## ASSIGNMENT
Report every line of the records beneath this task that holds the string "Grey".
=====
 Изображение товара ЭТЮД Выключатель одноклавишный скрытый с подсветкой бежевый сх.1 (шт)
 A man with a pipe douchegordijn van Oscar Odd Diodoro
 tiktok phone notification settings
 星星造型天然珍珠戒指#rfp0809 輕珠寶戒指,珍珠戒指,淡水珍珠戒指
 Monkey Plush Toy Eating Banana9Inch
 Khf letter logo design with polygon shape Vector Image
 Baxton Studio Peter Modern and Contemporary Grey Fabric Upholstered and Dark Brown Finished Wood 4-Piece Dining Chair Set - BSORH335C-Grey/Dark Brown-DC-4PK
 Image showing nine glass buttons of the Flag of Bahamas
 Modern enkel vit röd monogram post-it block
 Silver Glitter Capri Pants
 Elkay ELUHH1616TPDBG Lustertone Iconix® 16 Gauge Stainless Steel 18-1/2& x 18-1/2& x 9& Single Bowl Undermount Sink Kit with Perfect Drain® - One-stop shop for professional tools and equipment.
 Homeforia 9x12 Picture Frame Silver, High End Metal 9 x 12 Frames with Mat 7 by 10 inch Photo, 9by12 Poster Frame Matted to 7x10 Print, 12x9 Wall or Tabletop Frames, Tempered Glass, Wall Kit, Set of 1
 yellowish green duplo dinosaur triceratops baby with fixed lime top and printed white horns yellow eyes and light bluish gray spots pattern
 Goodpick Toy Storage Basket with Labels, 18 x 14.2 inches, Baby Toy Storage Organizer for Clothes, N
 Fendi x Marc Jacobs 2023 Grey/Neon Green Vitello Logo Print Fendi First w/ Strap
=====
## SOLVED PROBLEM
 Baxton Studio Peter Modern and Contemporary Grey Fabric Upholstered and Dark Brown Finished Wood 4-Piece Dining Chair Set - BSORH335C-Grey/Dark Brown-DC-4PK
 Fendi x Marc Jacobs 2023 Grey/Neon Green Vitello Logo Print Fendi First w/ Strap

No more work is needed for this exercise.